### WORK TO COMPLETE
For the data below, work out how many lines include the string "điểm" and report only the number.

### SUPPLIED ENTRIES
------------------------------------------------

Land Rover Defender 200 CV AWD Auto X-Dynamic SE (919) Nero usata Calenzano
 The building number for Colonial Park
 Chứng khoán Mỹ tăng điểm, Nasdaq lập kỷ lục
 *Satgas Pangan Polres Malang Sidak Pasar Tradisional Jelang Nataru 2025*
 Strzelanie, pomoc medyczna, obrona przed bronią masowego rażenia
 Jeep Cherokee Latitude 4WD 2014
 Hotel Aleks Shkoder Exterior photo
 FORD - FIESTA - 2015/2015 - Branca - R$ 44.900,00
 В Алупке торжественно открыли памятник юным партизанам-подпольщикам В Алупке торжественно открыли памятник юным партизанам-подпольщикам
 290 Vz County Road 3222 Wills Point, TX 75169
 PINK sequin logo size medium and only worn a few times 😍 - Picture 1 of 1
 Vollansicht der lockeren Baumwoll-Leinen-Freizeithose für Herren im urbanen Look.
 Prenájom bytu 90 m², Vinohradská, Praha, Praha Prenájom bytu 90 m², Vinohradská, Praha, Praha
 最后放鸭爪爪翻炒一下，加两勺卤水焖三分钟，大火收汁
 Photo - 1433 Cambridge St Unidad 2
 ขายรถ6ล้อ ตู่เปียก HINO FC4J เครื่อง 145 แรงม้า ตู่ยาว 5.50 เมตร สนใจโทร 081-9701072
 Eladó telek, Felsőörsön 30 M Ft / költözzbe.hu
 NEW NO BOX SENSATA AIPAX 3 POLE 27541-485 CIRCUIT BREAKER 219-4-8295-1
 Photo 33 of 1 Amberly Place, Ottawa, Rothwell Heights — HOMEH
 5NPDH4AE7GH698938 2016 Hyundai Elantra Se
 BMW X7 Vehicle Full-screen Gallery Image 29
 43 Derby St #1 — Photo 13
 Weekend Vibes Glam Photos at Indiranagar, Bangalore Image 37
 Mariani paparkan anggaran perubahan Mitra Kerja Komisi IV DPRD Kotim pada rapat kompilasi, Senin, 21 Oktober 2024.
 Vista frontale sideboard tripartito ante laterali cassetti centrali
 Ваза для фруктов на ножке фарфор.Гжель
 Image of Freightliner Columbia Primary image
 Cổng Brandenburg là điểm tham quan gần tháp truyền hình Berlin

------------------------------------------------

### TASK SOLUTION
2